We're all eagerly awaiting the launch of AMD's Radeon RX Vega line for gaming. That is when we will finally be able to answer all of the lingering questions. In the meantime, a marketing director made an interesting comment about Vega's power draw.
The comment appeared in Dutch on the Tweakers forum (opens in new tab) by someone who supposedly works for MSI. Rather than rely on a simple Google translation, Videocardz (opens in new tab) asked a Dutch-speaking friend to translate the text.
"I've seen the specs of Vega RX. It needs a damn lot of power. We're working on it, which is a start so launch is coming closer," the marketing director said, followed by a smiley face for good measure.
Assuming this isn't just a bunch of nonsense, this suggests that AMD has shared the specs for its Radeon RX Vega line with its hardware partners, which are presumably busy designing and constructing custom cooled cards.
As to the power draw, it wouldn't be a shocker if Vega leaned towards the high end. While AMD still has not indicated the power requirement for its Frontier Edition variant for professionals, an online retailer recently listed the TDP at 300W for an air-cooled mode, and 375W for a liquid-cooled SKU, according to Hexus (opens in new tab).
What we do know is that AMD has promised better gaming performance out of the consumer model compared to the Frontier Edition.

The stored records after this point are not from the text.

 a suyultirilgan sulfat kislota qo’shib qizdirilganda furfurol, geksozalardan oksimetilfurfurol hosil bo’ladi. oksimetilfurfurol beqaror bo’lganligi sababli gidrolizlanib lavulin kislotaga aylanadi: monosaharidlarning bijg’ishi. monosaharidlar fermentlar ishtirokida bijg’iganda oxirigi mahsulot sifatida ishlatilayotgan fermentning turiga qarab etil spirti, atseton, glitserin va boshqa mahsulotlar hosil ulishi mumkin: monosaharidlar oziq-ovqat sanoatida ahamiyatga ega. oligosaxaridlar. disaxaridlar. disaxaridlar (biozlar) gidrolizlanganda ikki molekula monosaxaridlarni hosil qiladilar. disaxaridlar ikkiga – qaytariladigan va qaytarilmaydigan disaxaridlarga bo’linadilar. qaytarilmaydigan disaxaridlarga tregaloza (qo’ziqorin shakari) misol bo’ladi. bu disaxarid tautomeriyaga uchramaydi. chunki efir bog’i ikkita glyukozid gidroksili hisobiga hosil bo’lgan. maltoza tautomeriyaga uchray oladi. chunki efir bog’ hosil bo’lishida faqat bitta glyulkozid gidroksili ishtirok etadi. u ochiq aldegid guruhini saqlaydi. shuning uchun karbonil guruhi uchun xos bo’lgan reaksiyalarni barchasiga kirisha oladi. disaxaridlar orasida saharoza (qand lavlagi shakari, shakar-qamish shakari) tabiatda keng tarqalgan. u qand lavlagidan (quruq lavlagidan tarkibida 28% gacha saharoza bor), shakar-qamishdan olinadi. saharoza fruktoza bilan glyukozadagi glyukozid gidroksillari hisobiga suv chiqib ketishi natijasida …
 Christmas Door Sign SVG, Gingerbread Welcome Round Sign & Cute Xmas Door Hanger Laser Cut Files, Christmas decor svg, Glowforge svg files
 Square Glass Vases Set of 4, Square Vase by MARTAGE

That does not necessarily mean it will translate into a higher power requirement, but it might not be all that lower (if at all) either.

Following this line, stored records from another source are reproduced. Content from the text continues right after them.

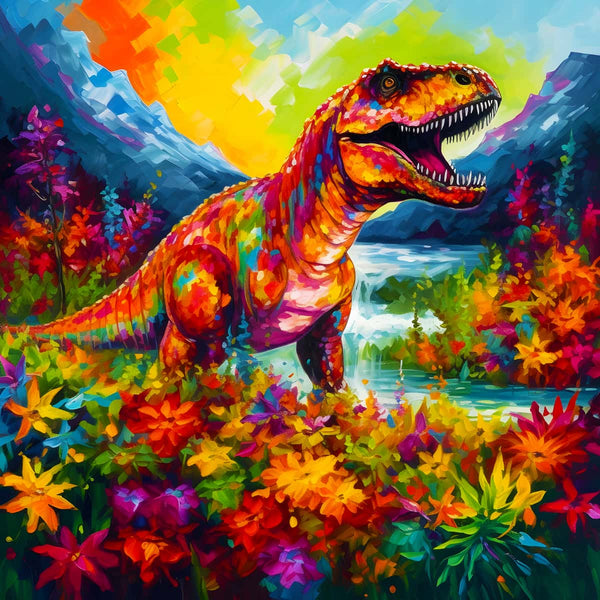 Colorful T-Rex in a vibrant diamond painting kit with a scenic background of flowers and mountains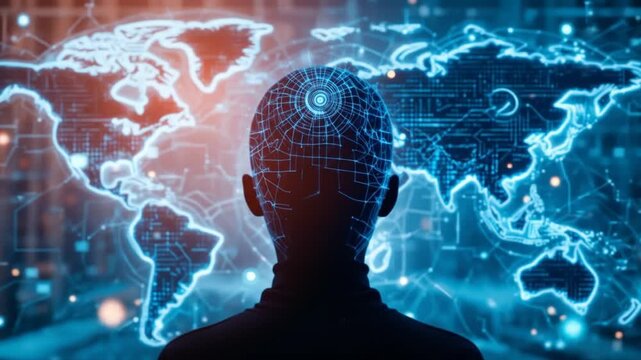 A digital human figure facing a world map symbolizes global digital transformation. 4k video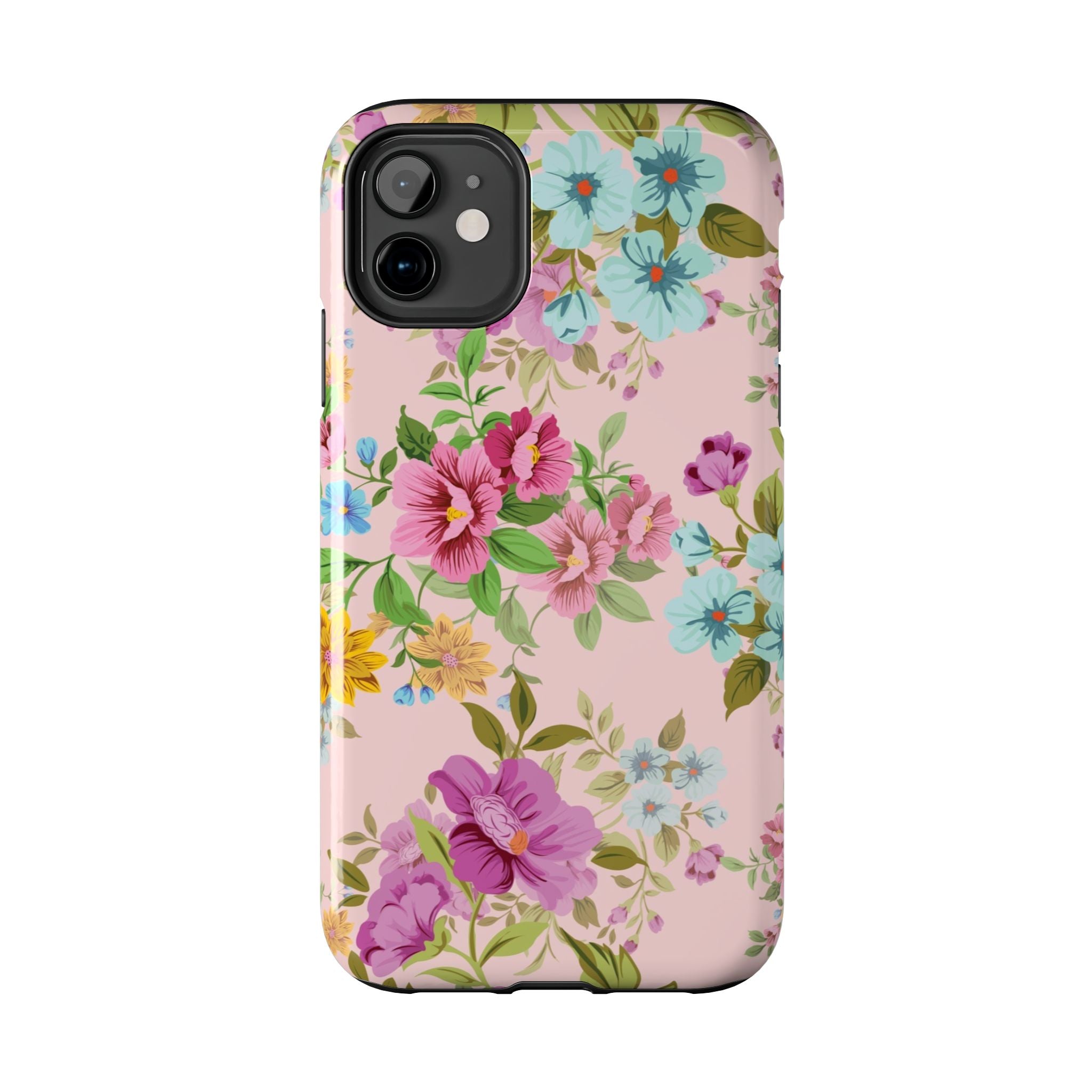 Floral Vintage Tough Phone Case — Pink Rose & Blue Blossom Protective Cover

How does this compare to Nvidia's cards? Here is a look:
- Titan Xp: 250W
- GeForce GTX 1080 Ti: 250W
- GeForce GTX 1080: 180W
- GeForce GTX 1070: 150W
- GeForce GTX 1060 (6GB and 3GB): 120W
- GeForce GTX 1050 Ti: 75W
- GeForce GTX 1050: 75W
In case you're wondering, Nvidia's Quadro cards for professionals top out at 250W.
Historically, AMD's GCN architecture has delivered good performance compared to Nvidia alternatives, but only at higher power draws. The R9 390X for example sits roughly between the GTX 970 and GTX 980, but it has a 275W TDP where the 980 has a 165W TDP. Polaris doesn't change that, with a 185W TDP on the RX 580 compared to 120W on the roughly similar performance GTX 1060 6GB. Extrapolate that to GTX 1080 Ti and RX Vega, and AMD might need 300-325W to equal Nvidia's 250W part.
Even if the Vega line consumes more power than Nvidia's cards, it probably won't matter to most gamers, so long as performance is at least on par if not better. On the flip side, where AMD potentially opens itself up to criticism is if Vega doesn't match the performance of Pascal, and draws noticeably more power to boot.
We will find out soon enough. Radeon RX Vega is scheduled to launch Siggraph 2017 that runs from July 30 to August 3.